I'm not sure how often the route table info is updated for display purposes in the log, but for the Ember Zigbee stack, the 'age' count represents the number of 16 second intervals that have elapsed since the last link status message was received (a Zigbee router usually sends a link status message every 16 seconds; when the neighbor table entry's age count becomes greater than 6, this neighbor entry is considered 'stale' and is eligible to be 'evicted' from the table and its 'cost' gets set to zero, indicating 'unknown').

The end devices choose their 'best' parent router based on their assessment of the link (which may not be the closest, physically). You don't normally have a way to control this process.

aguileramekin · September 4, 2019, 3:46am

Wow amazing explanation..... I got it Tony thanks!!

So there is no strength signal report here right?
... is there any other screen where I can see where is better to set physically a device?

Tony · September 4, 2019, 3:58am

The LQI figure can indicate signal strength/integrity of the link as a whole (in some implementations it takes into account the link error rate); numbers approaching 255 are better (basically if it is >200 it should be acceptable).

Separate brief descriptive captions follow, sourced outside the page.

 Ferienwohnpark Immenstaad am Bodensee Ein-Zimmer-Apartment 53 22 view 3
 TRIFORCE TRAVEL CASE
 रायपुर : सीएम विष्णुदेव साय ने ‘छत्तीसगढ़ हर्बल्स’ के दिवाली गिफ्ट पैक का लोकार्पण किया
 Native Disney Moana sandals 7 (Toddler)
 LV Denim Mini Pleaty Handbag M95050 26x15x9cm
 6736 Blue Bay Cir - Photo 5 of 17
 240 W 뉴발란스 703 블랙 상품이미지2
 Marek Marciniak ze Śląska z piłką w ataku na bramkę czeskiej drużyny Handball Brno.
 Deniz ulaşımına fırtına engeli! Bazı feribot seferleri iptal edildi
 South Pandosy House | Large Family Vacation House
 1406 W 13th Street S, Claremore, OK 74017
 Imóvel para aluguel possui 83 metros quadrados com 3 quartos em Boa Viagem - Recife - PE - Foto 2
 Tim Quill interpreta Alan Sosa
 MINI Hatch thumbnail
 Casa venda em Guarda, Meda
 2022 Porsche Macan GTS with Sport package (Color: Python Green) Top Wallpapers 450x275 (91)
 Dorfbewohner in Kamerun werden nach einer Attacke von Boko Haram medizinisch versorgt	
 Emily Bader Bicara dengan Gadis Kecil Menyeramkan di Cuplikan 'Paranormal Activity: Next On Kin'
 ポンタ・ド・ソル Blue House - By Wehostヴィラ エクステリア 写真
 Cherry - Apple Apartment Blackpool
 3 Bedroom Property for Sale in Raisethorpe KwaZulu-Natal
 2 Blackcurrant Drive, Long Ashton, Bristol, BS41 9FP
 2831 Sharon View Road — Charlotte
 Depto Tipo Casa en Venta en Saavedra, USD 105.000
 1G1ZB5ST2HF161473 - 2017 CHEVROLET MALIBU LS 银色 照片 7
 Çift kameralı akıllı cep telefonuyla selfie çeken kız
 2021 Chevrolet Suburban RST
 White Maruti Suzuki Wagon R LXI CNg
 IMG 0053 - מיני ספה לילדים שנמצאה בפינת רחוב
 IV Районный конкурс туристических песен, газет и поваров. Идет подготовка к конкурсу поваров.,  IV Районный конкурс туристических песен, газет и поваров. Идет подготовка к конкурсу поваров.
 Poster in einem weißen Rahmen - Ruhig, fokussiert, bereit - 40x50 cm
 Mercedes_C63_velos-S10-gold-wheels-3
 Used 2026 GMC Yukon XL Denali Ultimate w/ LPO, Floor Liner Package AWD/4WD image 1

If you want to see the 'last hop' received signal strength metric (RSSI) from a device (keep in mind if an end device is not a child of the hub, you will be seeing the RSSI of the last router in the path's transmitter, not the end device's-- that's what the 'last hop' means), go to Settings > Zigbee Details > Zigbee Logging. But note that RSSI is a 'raw' measure of the RF energy and can include other networks in the same frequency band, as well as noise.

The more negative the RSSI number, the lower the measured signal strength. Most of my devices very close to the hub show RSSI's in the -40's / -50's or so; I don't have any apparent issues even when they are in the -80s although I'm sure some retries may be happening. When the RSSI gets to the -90's though, the signal is getting down to the noise level.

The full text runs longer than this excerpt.